__What to do__
Copy the data that follows exactly. Include no pictures.

__Data block__
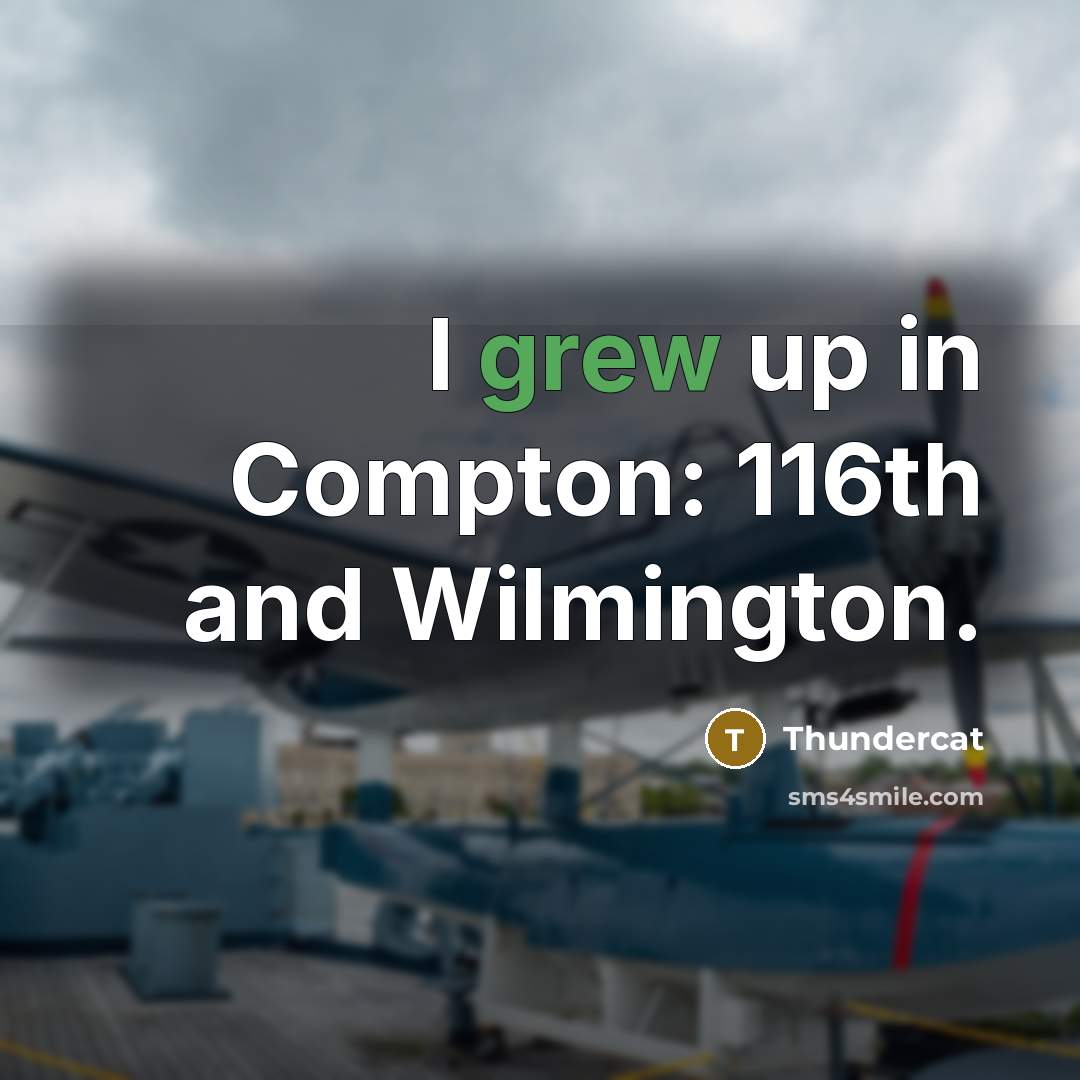 “I grew up in Compton: 116th and Wilmington.” quote by Thundercat
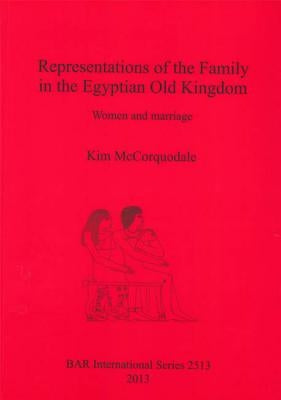 Representations of the Family in the Egyptian Old Kingdom: Women and marriage by McCorquodale, Kim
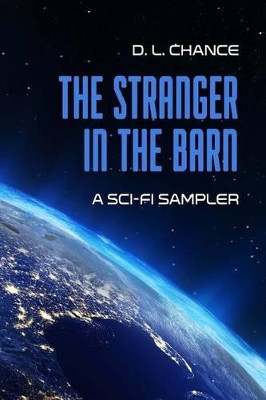 The Stranger In The Barn by D L Chance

__Solved problem__
 “I grew up in Compton: 116th and Wilmington.” quote by Thundercat
 Representations of the Family in the Egyptian Old Kingdom: Women and marriage by McCorquodale, Kim
 The Stranger In The Barn by D L Chance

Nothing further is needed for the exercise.